Ma i giurati hanno smascherato l’autore che, come nella miglior tradizione della nostra poesia comico-parodica, si nasconde (in questo caso) dietro la tipizzazione dello studente svogliato dell’ultimo banco. “Gabriele è uno studente che coglie ogni stimolo e lo trasforma in personale e creativa espressione”, afferma la sua insegnante di italiano, Monica Aguggia, a cui Gabriele, oltre alle rime irriverenti, ha dedicato anche il premio.

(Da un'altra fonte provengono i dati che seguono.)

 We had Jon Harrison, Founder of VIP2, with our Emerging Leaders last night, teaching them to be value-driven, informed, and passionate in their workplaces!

GOLIARDICI APPUNTI DI UN PISOLINO
ALL’ULTIMO BANCO
(ARIOSTO, OTTAVA)
Andavo verso casa nel meriggio,
pensando a quanto studio avevo in vetta,
immaginavo un lusinghiero omaggio,
poiché il buon Ludo Ariosto ci diletta.
Poscia ch’anco d’Orlando venni mogio,
decisi di sfogar la mia vendetta;
non a lui sol, ma a chi, seduti al banco,
costrinse me ei compagni a etterno arranco.
Tu narrasti d’Angelica il fuggire,
so che benignamente e col sorriso,
accogli e poi perdoni lo mio ardire,
qual si presta a buon gioco e a bieco viso.

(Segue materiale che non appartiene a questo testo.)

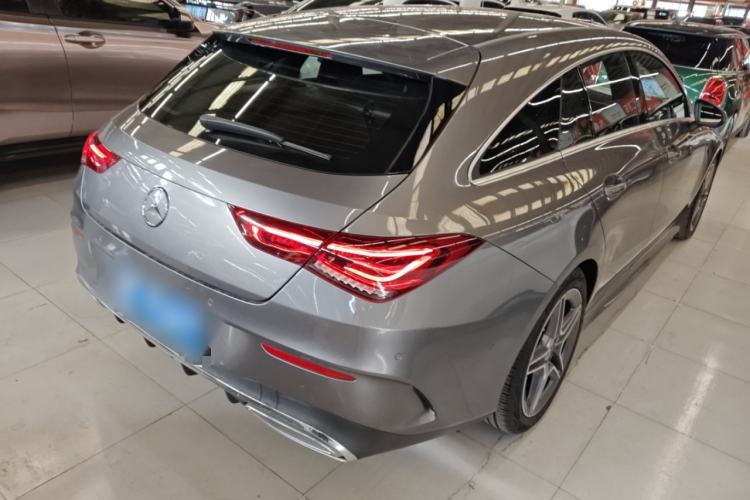 Used Mercedes-Benz CLA 2021 CLA 200 Shooting Brake Rear Right 45 Deg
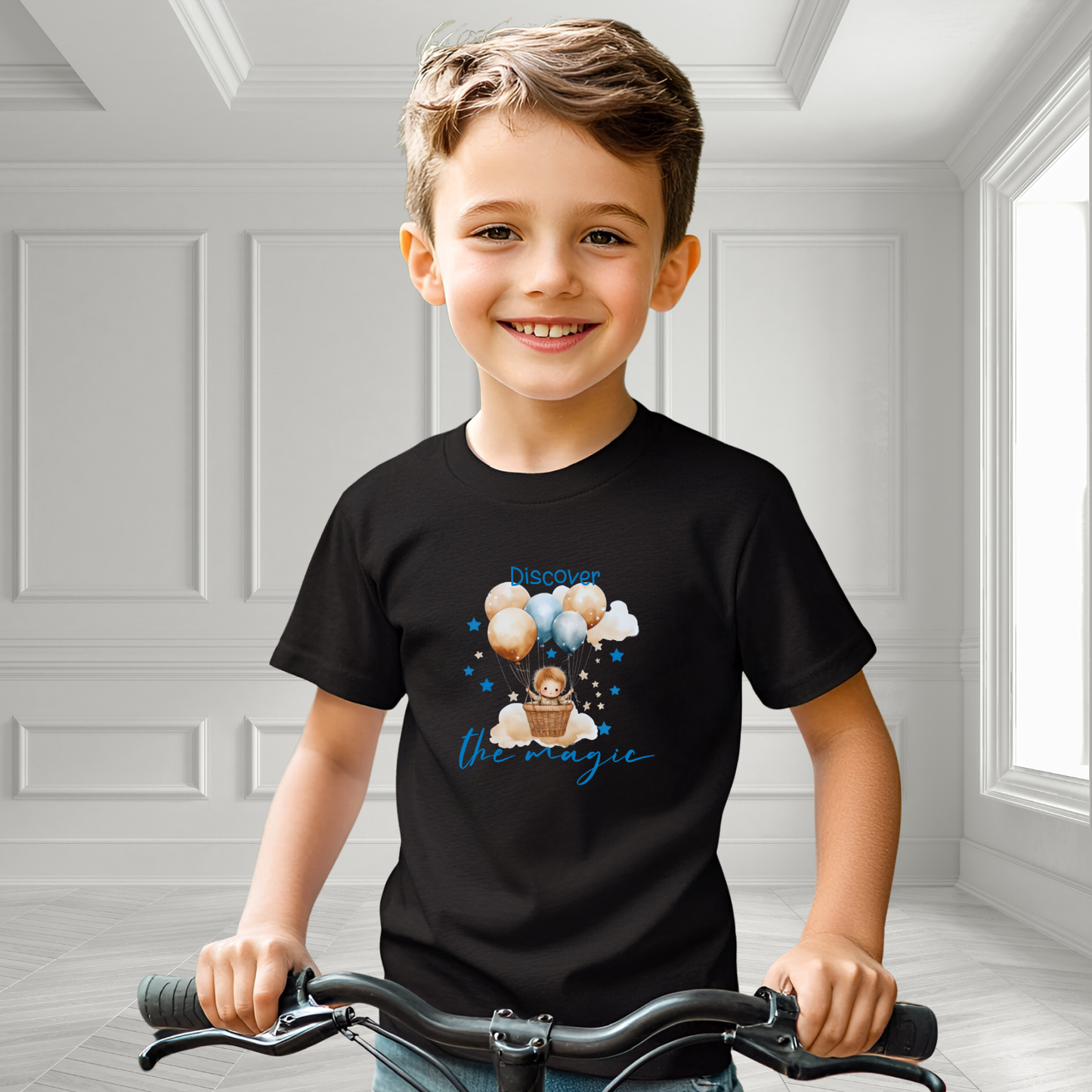 Discover The Magic Kid's T-Shirt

Adesso ascolta quel che i’voglio dire:
il tuo poetare par troppo diviso,
al che saria pensier non troppo accorto,
perder due vite su follie d’un morto.
(DANTE, TERZINE)
Mi sono appassionato e vado oltre,
come l’Ulisse viola il “non plus ultra”,
e dell’oceano incontra il bassoventre.
Tu Dante sparli da sinistra a destra,
ne abbiam du palle, il Paradiso e l’Ade,
pure al Laertiade che del mar fa giostra,
gli cascan come lo tuo corpo cade.
E del Virgilio scorgo un’ombra rossa,
distrarsi fra bucoliche contrade,
la pelle scotta e ad ogni breve mossa,
dietro a sé lascia del calor l’alone,
non per l’onor né per virtù riscossa,
ma perché il giorno degno del Marone,
non fece in tempo ad esclamare “Oh Troia!”:
si risvegliò morto d’insolazione.
(PETRARCA, SONETTO)
Cala la sera, quiete imbarazzante
che impallidir fa il Sole, ma sorride.
Sarà il solletico, dall’arco di Artemìde,
bisbiglia un dardo nel vento danzante:
Oh Fra Petrarca, col tuo Vulgarium Rerum,
“d’allor l’aureola a l’aura d’or l’aurora”,
capisci perché noi la prof. s’implora?
La Verità ha svelatomi un Secretum:
ma invece di ‘ste contorsion mentali,
tra pace e guerra, oh anima dannata,
tu pensi troppo e perdi e’cose belle,
guarda al Boccaccio e alle vite normali.
E poichè Laura mai te l’avrà data,
ti sognerai le sue miglior novelle.
(TASSO, OTTAVA)
Al mito dei romantici or mi volgo,
che visse per tre volte in paranoia,
ma noia solo nei suoi versi colgo,
per questo lo sciroppo anch’io m’ingoia.
Fra tutta ‘sta gentaglia, anche i bidelli,
rifuggon l’insegnante d’italiano;
se i libri non li pigli pe’i fondelli,
stai certo non arriverai lontano.
(RIEPILOGO, OTTAVA)
La Divina che invita alla bestemmia,
cantai d’Ariosto la trama burlona,
e di Petrarca il viver come mummia,
la distrazion che col Virgilio stona,
la prosa di Boccaccio, poi accademia,
un passo e giungo a Tasso, e tu perdona
s’intesso fregi al ver, s’adorno in parte,
d’altri diletti, che dei tuoi, le carte.